[STUDY MATERIAL]:
· · ·

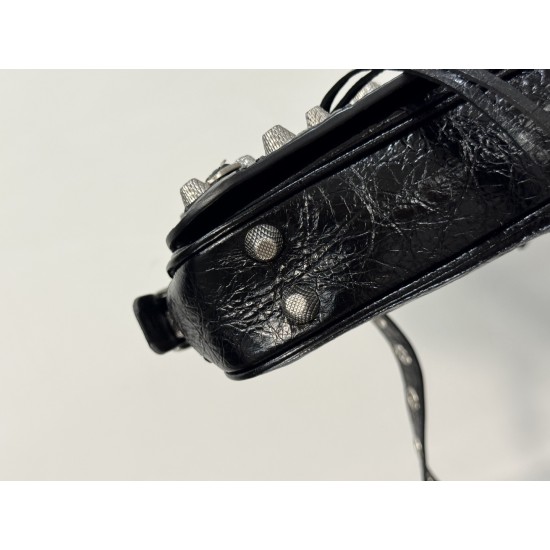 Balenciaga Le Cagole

· · ·

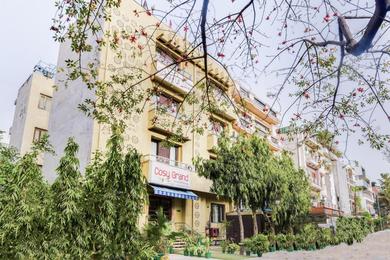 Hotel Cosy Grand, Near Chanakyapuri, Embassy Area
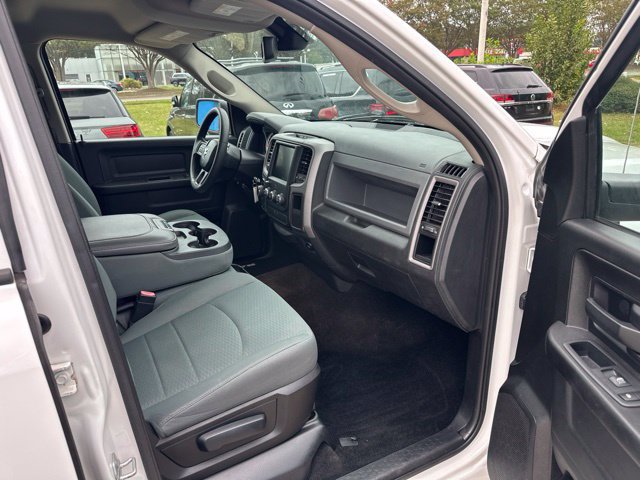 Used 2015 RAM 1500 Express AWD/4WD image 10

· · ·

[TRY IT]: Above are some entries. Restate word for word the lines from the one holding "Hotel Cosy Grand, Near" through the one holding "Used 2015 RAM 1500 Express AWD/4WD image 10", but not the pictures.

[TASK SOLUTION]:
 Hotel Cosy Grand, Near Chanakyapuri, Embassy Area
 Used 2015 RAM 1500 Express AWD/4WD image 10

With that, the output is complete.